SOURCE DATA

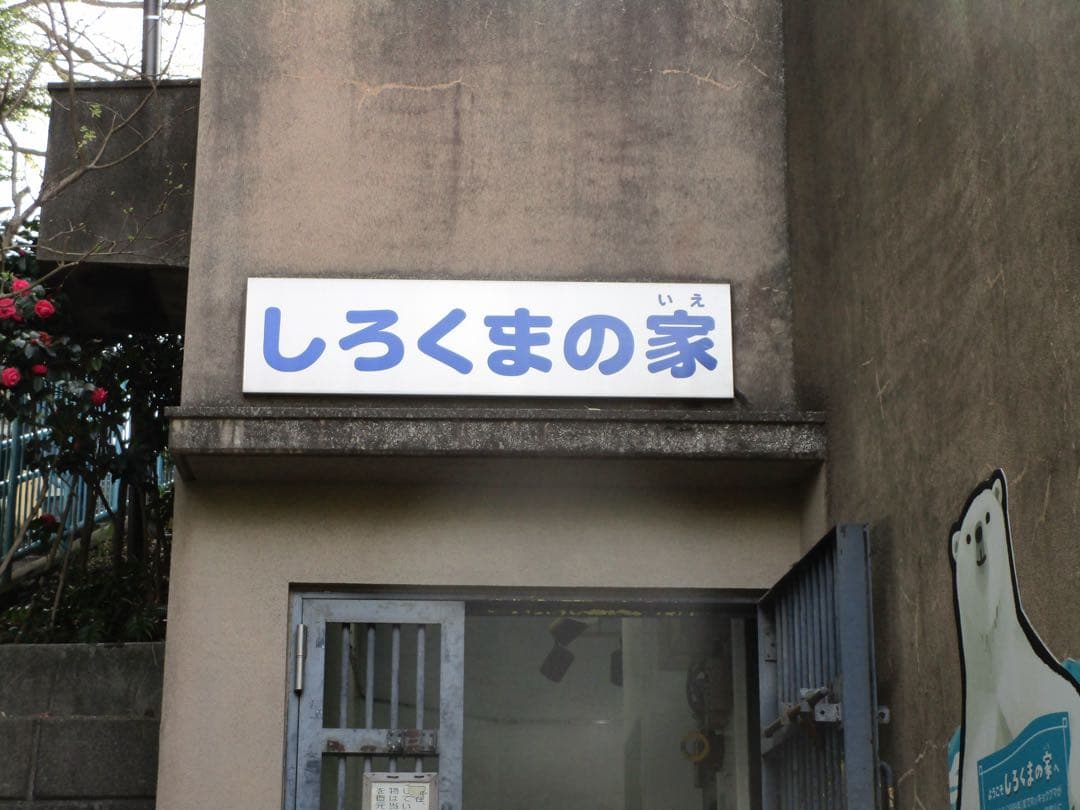 Canon IXY 190 レッド 動作確認済み　付属品完備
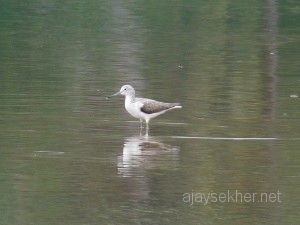 Kumbalaestuary 020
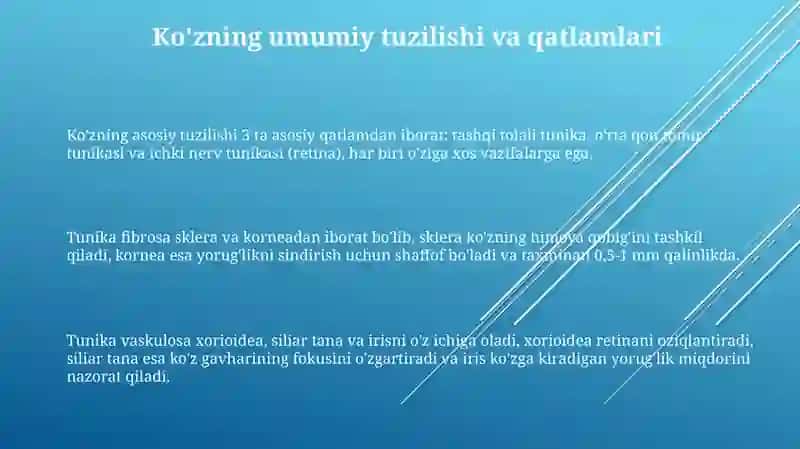 Ko'z.Gistologik tuzilishi 3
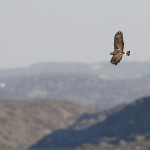 roughleggedbuzzard33.jpg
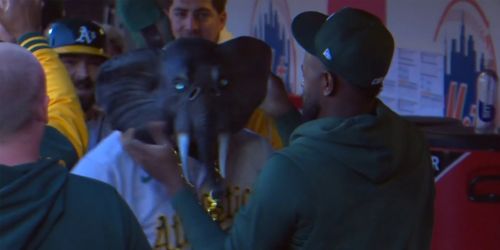 A's new home run celebration is amazing, but also somewhat terrifying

WHAT YOU ARE ASKED TO DO
If an entry contains a picture, leave it out and repeat the rest exactly.

EXERCISE ANSWER
 Canon IXY 190 レッド 動作確認済み　付属品完備
 Kumbalaestuary 020
 Ko'z.Gistologik tuzilishi 3
 roughleggedbuzzard33.jpg
 A's new home run celebration is amazing, but also somewhat terrifying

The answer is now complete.